Deixa sangrar até morrer: a não morte materna de Paloma Alves Moura, por Emanuelle Góes

23 de outubro, 2025 Portal Catarinas Por Emanuelle Góes

Paloma Alves Moura, mulher negra, deu entrada em um hospital. Sentia muita dor e sangramento intenso. Sem atendimento adequado, morreu no mesmo dia.

Das imagens que vemos em filmes ou nos livros que lemos, quando uma mulher realiza um aborto e chega com sangramento no hospital, a cena costuma ser a mesma: ela abandonada em uma maca ou em um canto qualquer, sangrando até morrer.

Essa poderia ser uma cena de ficção, mas com certeza foi o cenário da morte de Paloma Alves Moura, uma mulher negra de 46 anos, que deu entrada em um hospital com muita dor e sangramento intenso.

“Ao longo do dia, foram usados mais de três lençóis, todos completamente encharcados de sangue” relatou a acompanhante. Sem atendimento adequado e oportuno correspondente à gravidade de sua situação, Paloma teve uma parada cardíaca e morreu no mesmo dia.

Apesar do enquadramento elaborado pelo pré-julgamento dos profissionais de saúde, ela não estava gravida, logo não poderia ter realizado um aborto.

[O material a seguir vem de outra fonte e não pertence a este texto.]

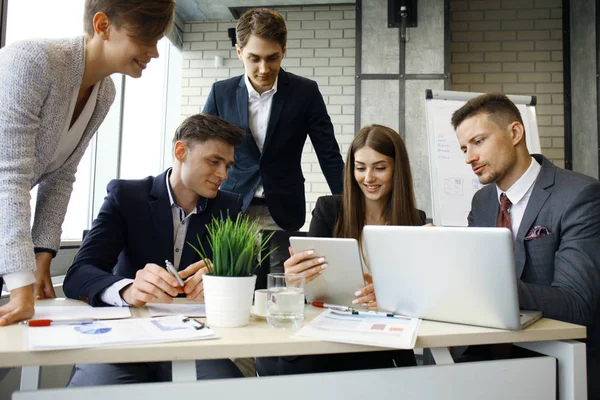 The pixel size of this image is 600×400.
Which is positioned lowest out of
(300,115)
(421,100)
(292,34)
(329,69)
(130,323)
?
(130,323)

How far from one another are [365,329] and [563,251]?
657mm

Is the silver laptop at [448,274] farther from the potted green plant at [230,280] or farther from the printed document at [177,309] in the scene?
the printed document at [177,309]

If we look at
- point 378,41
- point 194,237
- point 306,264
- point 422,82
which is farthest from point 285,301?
point 378,41

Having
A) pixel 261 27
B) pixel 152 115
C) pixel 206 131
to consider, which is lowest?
pixel 206 131

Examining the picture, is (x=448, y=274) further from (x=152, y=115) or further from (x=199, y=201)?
(x=152, y=115)

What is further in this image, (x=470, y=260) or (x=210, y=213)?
(x=210, y=213)

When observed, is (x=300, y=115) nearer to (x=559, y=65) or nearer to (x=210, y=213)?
(x=210, y=213)

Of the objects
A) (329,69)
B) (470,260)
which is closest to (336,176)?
(470,260)

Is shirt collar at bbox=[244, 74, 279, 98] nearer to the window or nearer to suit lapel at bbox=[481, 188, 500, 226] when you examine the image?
suit lapel at bbox=[481, 188, 500, 226]

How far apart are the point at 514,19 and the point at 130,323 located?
15.0ft

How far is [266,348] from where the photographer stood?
0.89 m

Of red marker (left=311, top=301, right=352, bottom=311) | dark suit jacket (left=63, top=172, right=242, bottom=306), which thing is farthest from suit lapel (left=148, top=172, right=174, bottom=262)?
red marker (left=311, top=301, right=352, bottom=311)

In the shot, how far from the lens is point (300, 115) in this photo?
229cm

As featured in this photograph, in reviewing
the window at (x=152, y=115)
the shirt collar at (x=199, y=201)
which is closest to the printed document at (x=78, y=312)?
the shirt collar at (x=199, y=201) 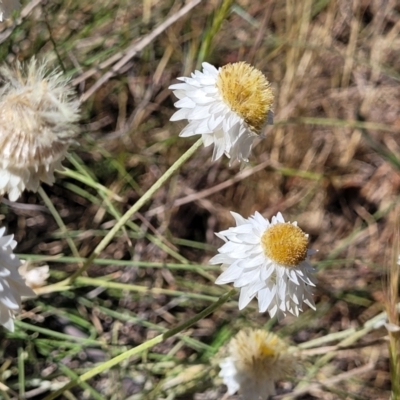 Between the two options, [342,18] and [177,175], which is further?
[342,18]

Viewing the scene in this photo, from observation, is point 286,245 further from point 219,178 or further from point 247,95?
point 219,178

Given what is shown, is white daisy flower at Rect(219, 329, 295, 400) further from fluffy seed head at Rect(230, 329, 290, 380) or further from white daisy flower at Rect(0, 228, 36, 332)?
white daisy flower at Rect(0, 228, 36, 332)

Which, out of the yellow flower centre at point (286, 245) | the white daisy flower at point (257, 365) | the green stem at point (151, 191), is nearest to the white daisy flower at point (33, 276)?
the green stem at point (151, 191)

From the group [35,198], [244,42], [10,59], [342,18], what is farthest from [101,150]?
[342,18]

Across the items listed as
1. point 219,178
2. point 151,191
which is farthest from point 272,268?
point 219,178

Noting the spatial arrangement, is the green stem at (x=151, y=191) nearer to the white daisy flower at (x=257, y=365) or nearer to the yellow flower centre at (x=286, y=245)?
the yellow flower centre at (x=286, y=245)

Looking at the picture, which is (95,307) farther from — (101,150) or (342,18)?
(342,18)

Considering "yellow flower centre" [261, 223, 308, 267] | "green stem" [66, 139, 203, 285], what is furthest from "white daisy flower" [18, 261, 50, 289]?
"yellow flower centre" [261, 223, 308, 267] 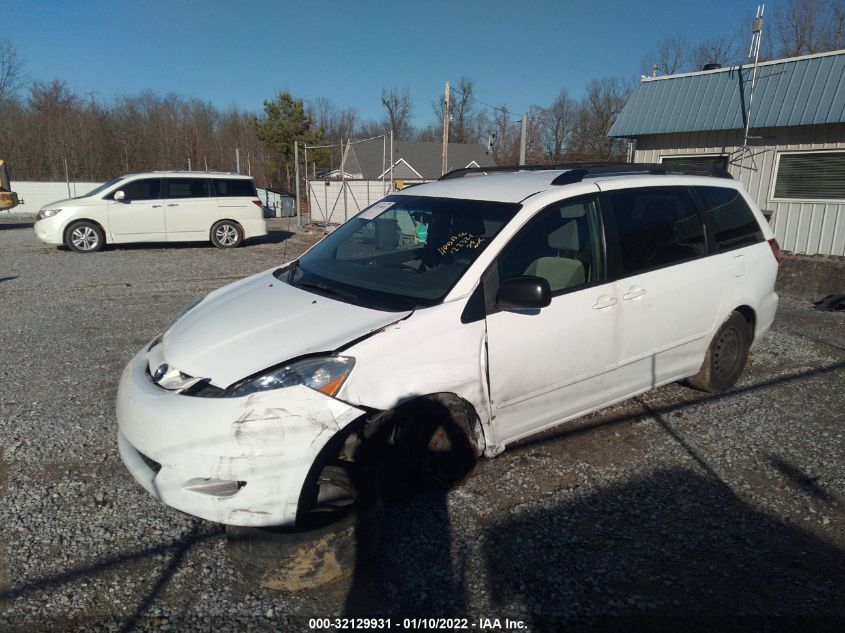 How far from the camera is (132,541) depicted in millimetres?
2896

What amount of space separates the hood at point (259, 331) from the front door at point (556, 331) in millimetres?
718

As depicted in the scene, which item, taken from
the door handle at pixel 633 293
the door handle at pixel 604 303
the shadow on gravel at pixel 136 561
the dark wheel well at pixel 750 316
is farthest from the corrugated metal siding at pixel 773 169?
the shadow on gravel at pixel 136 561

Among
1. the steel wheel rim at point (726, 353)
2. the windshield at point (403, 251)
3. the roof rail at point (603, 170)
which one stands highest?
the roof rail at point (603, 170)

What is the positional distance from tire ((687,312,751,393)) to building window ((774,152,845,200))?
7.32 m

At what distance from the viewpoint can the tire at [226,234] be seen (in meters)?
14.8

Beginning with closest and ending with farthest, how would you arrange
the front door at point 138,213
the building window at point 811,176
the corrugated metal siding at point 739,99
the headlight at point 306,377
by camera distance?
the headlight at point 306,377 < the corrugated metal siding at point 739,99 < the building window at point 811,176 < the front door at point 138,213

E se fosse uma hemorragia por aborto induzido? Da mesma forma, os profissionais não deveriam julgar e punir, e sim cuidar, seguir com condutas médicas para salvar vidas porque esse é o exercício da profissão.

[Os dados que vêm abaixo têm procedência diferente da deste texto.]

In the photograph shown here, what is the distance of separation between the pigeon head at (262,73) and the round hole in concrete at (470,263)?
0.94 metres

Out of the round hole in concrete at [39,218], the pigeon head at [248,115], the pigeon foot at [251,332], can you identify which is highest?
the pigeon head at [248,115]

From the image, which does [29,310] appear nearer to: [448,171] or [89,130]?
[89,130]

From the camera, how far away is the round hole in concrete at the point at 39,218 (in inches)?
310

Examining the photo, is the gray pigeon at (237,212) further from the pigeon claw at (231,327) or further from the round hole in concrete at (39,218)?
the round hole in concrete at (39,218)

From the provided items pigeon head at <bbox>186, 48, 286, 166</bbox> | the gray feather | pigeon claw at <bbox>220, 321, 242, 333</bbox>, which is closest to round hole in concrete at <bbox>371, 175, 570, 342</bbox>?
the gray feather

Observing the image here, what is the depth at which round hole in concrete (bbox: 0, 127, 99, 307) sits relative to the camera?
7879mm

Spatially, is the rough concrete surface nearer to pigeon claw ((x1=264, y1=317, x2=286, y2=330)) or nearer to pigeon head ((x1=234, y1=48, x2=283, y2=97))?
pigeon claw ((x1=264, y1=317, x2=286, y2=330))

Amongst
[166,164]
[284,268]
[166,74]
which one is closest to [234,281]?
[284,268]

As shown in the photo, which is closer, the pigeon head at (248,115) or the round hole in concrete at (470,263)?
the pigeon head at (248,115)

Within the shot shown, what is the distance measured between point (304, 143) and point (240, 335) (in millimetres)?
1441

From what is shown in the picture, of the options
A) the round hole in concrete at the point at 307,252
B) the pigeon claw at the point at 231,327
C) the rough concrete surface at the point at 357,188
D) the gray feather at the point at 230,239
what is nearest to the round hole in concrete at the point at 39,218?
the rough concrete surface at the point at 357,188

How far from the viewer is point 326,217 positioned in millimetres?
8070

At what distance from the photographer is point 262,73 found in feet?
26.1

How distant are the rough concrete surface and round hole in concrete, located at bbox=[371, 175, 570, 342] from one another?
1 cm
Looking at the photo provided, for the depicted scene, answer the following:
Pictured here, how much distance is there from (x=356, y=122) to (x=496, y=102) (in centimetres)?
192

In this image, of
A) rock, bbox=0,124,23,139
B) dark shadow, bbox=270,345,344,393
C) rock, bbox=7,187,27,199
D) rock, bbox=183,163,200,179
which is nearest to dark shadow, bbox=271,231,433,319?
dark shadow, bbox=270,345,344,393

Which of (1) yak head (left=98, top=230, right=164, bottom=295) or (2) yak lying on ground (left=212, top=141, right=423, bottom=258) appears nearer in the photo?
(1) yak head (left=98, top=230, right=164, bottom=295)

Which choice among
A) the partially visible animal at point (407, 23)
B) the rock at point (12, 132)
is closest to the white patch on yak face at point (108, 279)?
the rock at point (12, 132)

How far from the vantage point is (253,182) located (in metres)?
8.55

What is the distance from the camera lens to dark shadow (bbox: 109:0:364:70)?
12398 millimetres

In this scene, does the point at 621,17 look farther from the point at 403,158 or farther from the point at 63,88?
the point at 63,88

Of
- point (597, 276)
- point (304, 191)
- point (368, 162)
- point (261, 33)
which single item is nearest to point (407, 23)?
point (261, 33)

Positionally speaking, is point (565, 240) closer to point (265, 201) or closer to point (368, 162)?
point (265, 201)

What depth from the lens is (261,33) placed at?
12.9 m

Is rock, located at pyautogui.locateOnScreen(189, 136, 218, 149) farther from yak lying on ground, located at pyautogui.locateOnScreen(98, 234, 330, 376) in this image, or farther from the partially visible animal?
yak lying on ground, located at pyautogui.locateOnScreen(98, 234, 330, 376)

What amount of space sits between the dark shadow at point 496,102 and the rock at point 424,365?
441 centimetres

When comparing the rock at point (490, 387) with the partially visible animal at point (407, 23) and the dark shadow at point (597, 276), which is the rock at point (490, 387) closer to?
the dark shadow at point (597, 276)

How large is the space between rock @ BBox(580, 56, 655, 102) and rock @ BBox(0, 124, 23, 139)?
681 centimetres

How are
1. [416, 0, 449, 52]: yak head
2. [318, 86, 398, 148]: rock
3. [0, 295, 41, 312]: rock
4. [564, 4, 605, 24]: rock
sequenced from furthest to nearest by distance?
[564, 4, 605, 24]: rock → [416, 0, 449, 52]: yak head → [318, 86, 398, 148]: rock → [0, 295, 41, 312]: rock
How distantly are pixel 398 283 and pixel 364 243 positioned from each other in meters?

A moralidade que se estabelece nos serviços de saúde tem base nas discriminações explícitas e implícitas que julgam e punem, muitas pessoas morrem por isso. Um corpo negro que sangra entre as pernas sempre pode esperar: “ela aguenta”. “Suportar mais um pouquinho” é a máxima.

Sabe-se que em uma situação de quadro hemorrágico, o tempo é crucial e a demora no atendimento coloca as mulheres e outras pessoas que gestam em risco de agravamento do quadro de saúde, consequentemente de morte materna e outras mortes relacionadas.

O motivo da procura de Paloma pelo serviço de saúde foi a endometriose, que tem como um dos principais danos o sangramento vaginal intenso, além de dores consideradas incapacitantes. Estima-se que 8 milhões de mulheres enfrentam endometriose no Brasil. Os diagnósticos no país têm aumentado 76% desde 2022.

Em 2024 , foram mais de 18 mil internações; dessas, 13,6% precisaram de atendimento de urgência, e foram registrados 29 óbitos com o diagnóstico da doença. Sabemos que o crescimento dos casos de endometriose é uma realidade no Brasil e em outros países, mas isso é assunto para outro texto.

O sangramento vaginal é um dos principais motivos de mulheres procurarem um hospital por consequência de um aborto induzido ou mesmo aborto espontâneo. O estudo GravSus, pesquisa da minha tese de doutorado — um estudo multicêntrico realizado em três capitais do Nordeste brasileiro: Salvador (Bahia), Recife (Pernambuco) e São Luís (Maranhão) — aponta que mais de 50% das mulheres foram procurar atendimento por causa desse sintoma. A morte materna em decorrência do aborto está associada principalmente ao retardo no atendimento, pois foi identificado a demora dos profissionais dos serviços em diagnosticar e tratar as complicações no tempo oportuno.

O estigma e a criminalização, penal e moral, do aborto fazem com que mulheres e pessoas com útero morram em consequência do pré-julgamento de profissionais nos serviços de saúde, seguida de uma tomada de decisão baseada no deixar viver, deixar morrer.

É neste contexto que a história de Paloma se enquadra. A suspeita de que ela teria realizado um aborto fez com que ela enfrentasse os mesmos retardos e negligências vividos por mulheres que chegam aos serviços de saúde em situação de abortamento, principalmente as mulheres negras. Neste caso, temos a sinergia entre o estigma do aborto e o racismo institucional.

A moral, a criminalização e o estigma do aborto contaminam os serviços assim como autorizam os profissionais de saúde a adotarem condutas que colocam em risco a vida das mulheres e de pessoas com útero.